Action item —
Lift out, unaltered, the lines of the material below between the line holding "Birkmann Mini pekač" and the line holding "#SpiderMan #MarvelStudios #Marvel", counting both.
● ● ● ● ●
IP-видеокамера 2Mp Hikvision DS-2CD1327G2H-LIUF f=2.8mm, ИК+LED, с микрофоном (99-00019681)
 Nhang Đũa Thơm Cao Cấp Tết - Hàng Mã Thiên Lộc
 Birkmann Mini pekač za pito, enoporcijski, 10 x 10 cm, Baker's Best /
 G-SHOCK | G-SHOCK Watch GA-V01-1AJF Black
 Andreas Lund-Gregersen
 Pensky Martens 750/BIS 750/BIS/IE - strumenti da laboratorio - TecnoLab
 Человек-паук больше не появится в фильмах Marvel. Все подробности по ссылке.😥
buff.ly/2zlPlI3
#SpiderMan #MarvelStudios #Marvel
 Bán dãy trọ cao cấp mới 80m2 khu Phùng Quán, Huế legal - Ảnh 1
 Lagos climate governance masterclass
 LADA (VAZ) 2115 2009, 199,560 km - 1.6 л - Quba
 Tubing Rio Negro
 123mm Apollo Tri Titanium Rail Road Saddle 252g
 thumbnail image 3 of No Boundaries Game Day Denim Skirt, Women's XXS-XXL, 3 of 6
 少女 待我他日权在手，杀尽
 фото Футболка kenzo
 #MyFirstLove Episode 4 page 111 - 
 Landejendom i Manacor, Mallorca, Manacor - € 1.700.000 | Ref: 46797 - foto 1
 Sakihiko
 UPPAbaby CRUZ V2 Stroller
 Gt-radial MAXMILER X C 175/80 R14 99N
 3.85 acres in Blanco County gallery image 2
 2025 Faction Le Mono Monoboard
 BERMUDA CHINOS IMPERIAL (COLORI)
● ● ● ● ●
Exercise output —
 Birkmann Mini pekač za pito, enoporcijski, 10 x 10 cm, Baker's Best /
 G-SHOCK | G-SHOCK Watch GA-V01-1AJF Black
 Andreas Lund-Gregersen
 Pensky Martens 750/BIS 750/BIS/IE - strumenti da laboratorio - TecnoLab
 Человек-паук больше не появится в фильмах Marvel. Все подробности по ссылке.😥
buff.ly/2zlPlI3
#SpiderMan #MarvelStudios #Marvel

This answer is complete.